Salutaire, parce que la France a des atouts et des forces dont chacun d’entre nous détient une parcelle.
Parce que vous êtes, Mesdames et Messieurs les Maires, des élus plébiscités par les Français, vous avez, face aux bouleversements actuels un rôle de repère qui est plus éminent que jamais.

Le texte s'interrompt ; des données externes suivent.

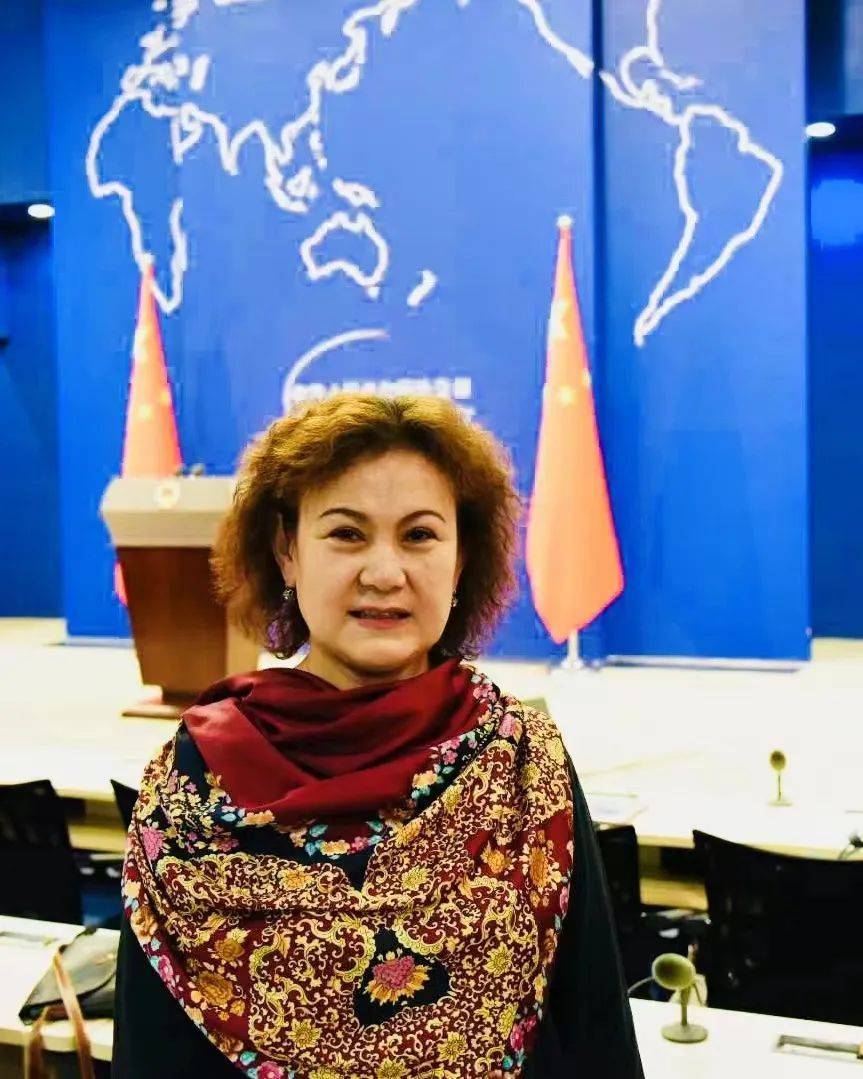 孔多孜·玉素甫 | 驻外十年，她说“我是中国外交官”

Génération après génération, le maire représente la permanence républicaine. Et cette permanence est d’autant plus précieuse que les mutations du monde nous font ressentir le besoin de préserver ce qu’il y a de plus essentiel dans nos traditions et dans nos valeurs.
Pour moi, les maires de France sont bien plus que les interprètes de leurs communes. Ils sont bien plus que les gestionnaires de notre quotidien. Ils sont des élus d’une vieille et belle Nation qui doit se battre pour se redresser et pour se relancer. Je vois en chacun d’entre vous un acteur de notre redressement économique et financier parce que je ne dissocie pas nos devoirs.
Nous sommes tous au service de la République, et la République, aussi diverse soit-elle, n’a qu’un seul destin.
Mesdames et Messieurs les maires, c’est ce message d’unité et de volonté que je voulais aujourd’hui partager avec l’Assemblée des maires de France.